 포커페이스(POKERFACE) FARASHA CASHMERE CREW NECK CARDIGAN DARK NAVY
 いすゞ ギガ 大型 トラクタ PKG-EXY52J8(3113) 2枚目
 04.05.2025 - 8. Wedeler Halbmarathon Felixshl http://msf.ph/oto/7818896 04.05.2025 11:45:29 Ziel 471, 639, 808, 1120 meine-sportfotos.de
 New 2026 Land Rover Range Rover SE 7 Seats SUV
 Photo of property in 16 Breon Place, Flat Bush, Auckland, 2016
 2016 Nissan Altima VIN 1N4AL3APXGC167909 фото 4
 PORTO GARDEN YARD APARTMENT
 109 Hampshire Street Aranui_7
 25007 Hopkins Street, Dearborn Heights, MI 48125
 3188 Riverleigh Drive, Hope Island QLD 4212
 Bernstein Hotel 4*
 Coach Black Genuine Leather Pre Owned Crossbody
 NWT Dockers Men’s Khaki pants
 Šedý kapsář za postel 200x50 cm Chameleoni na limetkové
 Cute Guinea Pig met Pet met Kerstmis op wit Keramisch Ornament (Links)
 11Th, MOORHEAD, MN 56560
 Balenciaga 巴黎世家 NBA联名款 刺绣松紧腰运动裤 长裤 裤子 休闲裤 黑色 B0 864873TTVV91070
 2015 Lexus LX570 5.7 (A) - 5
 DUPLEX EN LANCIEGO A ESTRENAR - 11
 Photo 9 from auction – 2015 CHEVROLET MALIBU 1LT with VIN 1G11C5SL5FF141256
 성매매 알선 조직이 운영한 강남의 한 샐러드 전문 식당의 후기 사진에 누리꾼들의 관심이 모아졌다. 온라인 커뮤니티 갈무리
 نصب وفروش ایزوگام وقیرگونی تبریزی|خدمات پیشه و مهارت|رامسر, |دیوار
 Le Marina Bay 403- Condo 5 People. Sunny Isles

The problem:
The complete listing is needed again, with each line reproduced exactly.

Problem solution:
 포커페이스(POKERFACE) FARASHA CASHMERE CREW NECK CARDIGAN DARK NAVY
 いすゞ ギガ 大型 トラクタ PKG-EXY52J8(3113) 2枚目
 04.05.2025 - 8. Wedeler Halbmarathon Felixshl http://msf.ph/oto/7818896 04.05.2025 11:45:29 Ziel 471, 639, 808, 1120 meine-sportfotos.de
 New 2026 Land Rover Range Rover SE 7 Seats SUV
 Photo of property in 16 Breon Place, Flat Bush, Auckland, 2016
 2016 Nissan Altima VIN 1N4AL3APXGC167909 фото 4
 PORTO GARDEN YARD APARTMENT
 109 Hampshire Street Aranui_7
 25007 Hopkins Street, Dearborn Heights, MI 48125
 3188 Riverleigh Drive, Hope Island QLD 4212
 Bernstein Hotel 4*
 Coach Black Genuine Leather Pre Owned Crossbody
 NWT Dockers Men’s Khaki pants
 Šedý kapsář za postel 200x50 cm Chameleoni na limetkové
 Cute Guinea Pig met Pet met Kerstmis op wit Keramisch Ornament (Links)
 11Th, MOORHEAD, MN 56560
 Balenciaga 巴黎世家 NBA联名款 刺绣松紧腰运动裤 长裤 裤子 休闲裤 黑色 B0 864873TTVV91070
 2015 Lexus LX570 5.7 (A) - 5
 DUPLEX EN LANCIEGO A ESTRENAR - 11
 Photo 9 from auction – 2015 CHEVROLET MALIBU 1LT with VIN 1G11C5SL5FF141256
 성매매 알선 조직이 운영한 강남의 한 샐러드 전문 식당의 후기 사진에 누리꾼들의 관심이 모아졌다. 온라인 커뮤니티 갈무리
 نصب وفروش ایزوگام وقیرگونی تبریزی|خدمات پیشه و مهارت|رامسر, |دیوار
 Le Marina Bay 403- Condo 5 People. Sunny Isles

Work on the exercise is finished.